TASK BRIEF: Your answer must match, word for word, the lines from the one holding "Продам Passat B3 у гарному стані" through the final line below, with pictures excluded.

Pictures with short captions
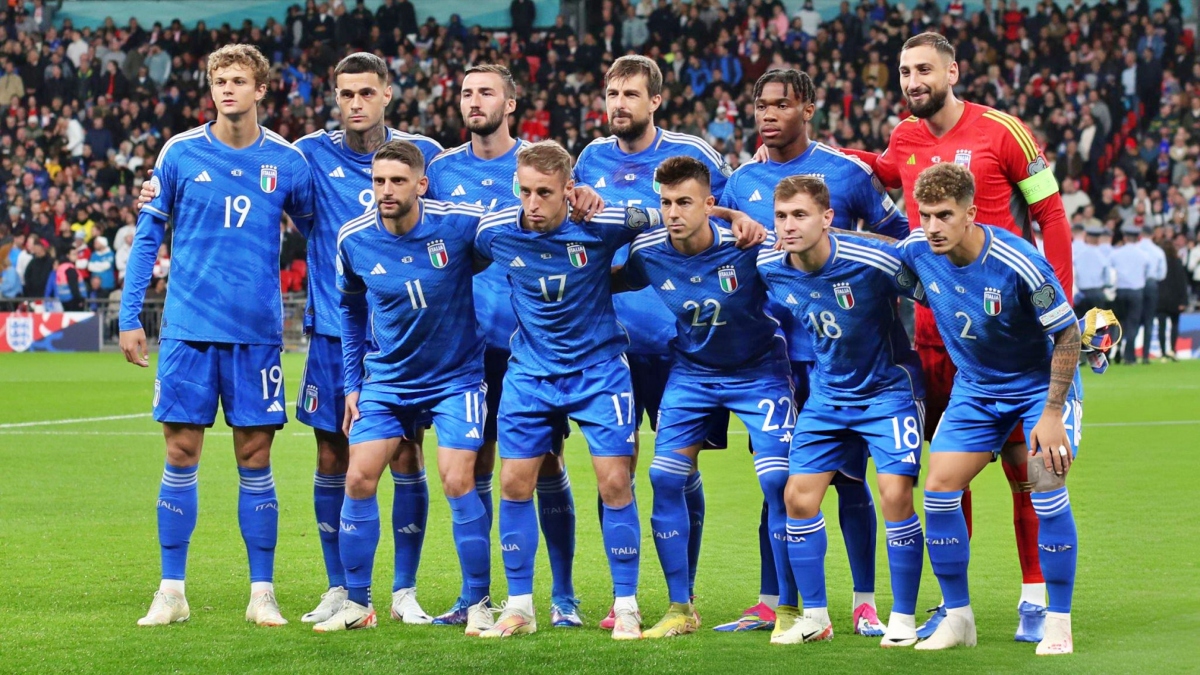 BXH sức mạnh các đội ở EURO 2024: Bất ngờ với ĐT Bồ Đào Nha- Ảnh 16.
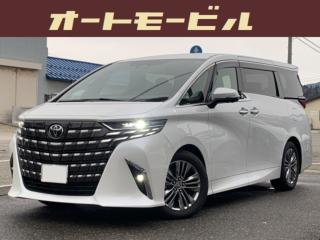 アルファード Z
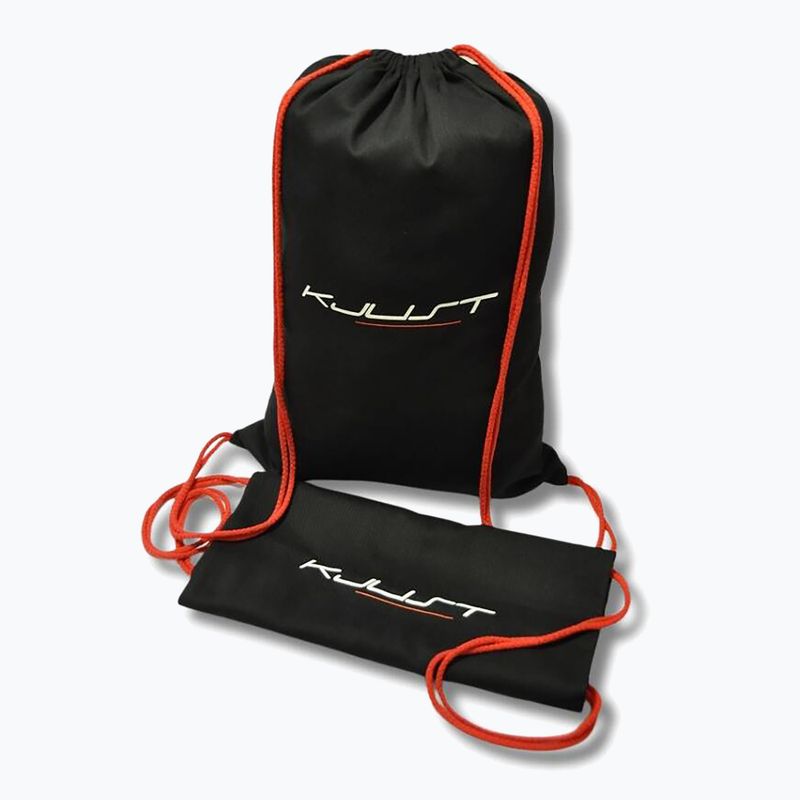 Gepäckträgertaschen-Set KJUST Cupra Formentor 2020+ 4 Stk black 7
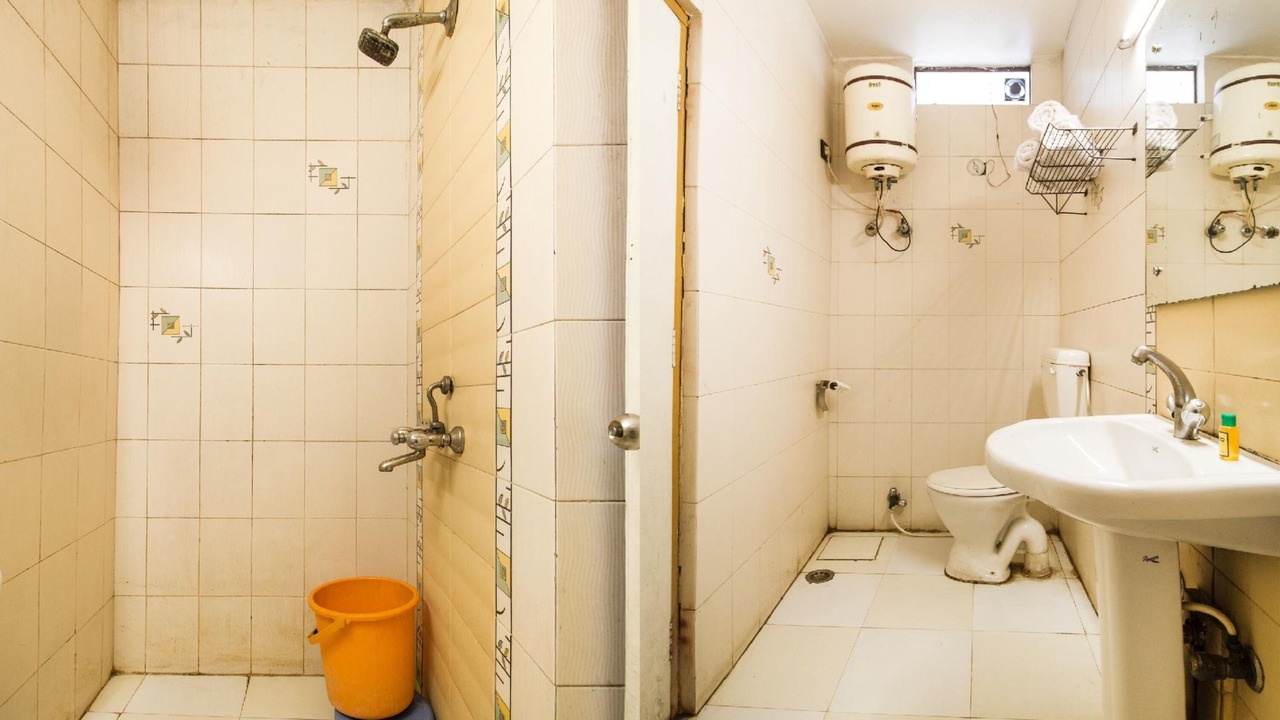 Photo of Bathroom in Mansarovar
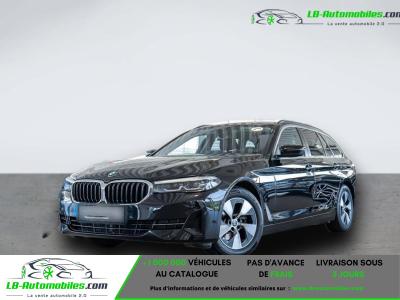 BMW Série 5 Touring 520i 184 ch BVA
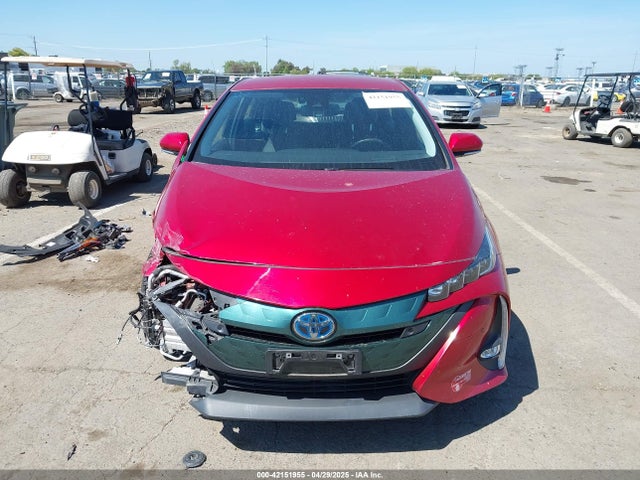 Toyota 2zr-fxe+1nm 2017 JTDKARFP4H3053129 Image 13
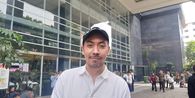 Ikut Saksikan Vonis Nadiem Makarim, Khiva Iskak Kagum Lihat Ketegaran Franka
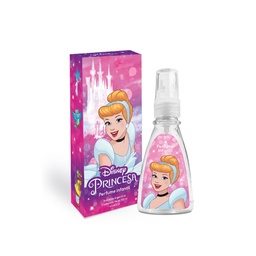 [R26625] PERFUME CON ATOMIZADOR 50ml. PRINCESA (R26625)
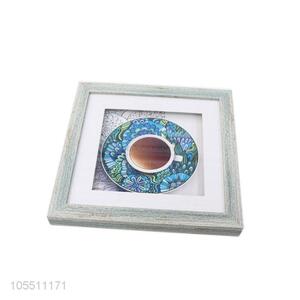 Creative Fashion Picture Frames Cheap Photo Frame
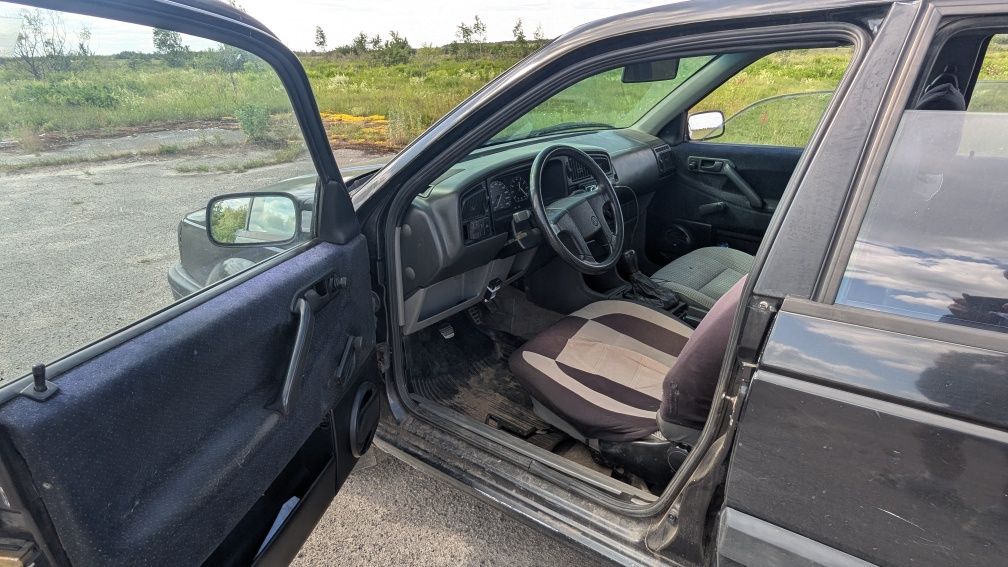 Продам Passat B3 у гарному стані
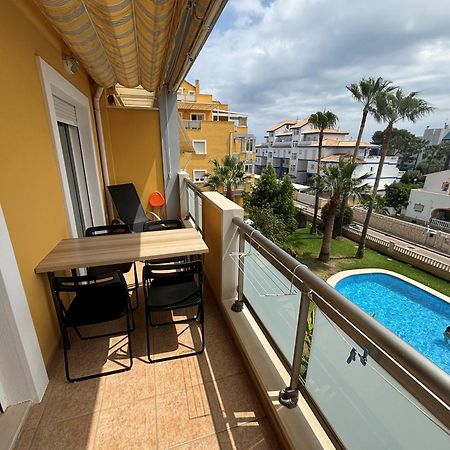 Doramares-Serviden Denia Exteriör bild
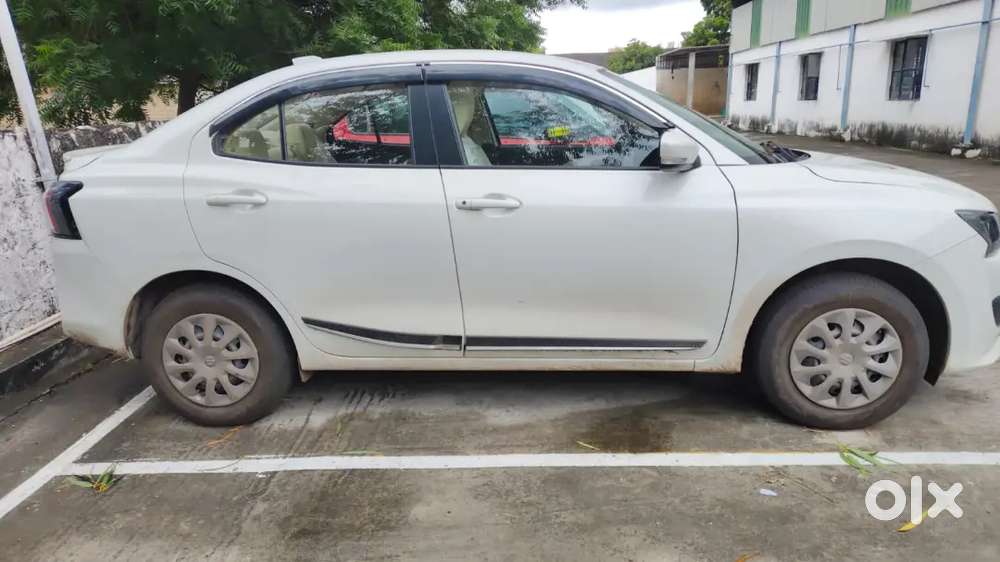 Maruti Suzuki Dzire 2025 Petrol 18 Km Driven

SOLUTION TO THIS EXERCISE:
 Продам Passat B3 у гарному стані
 Doramares-Serviden Denia Exteriör bild
 Maruti Suzuki Dzire 2025 Petrol 18 Km Driven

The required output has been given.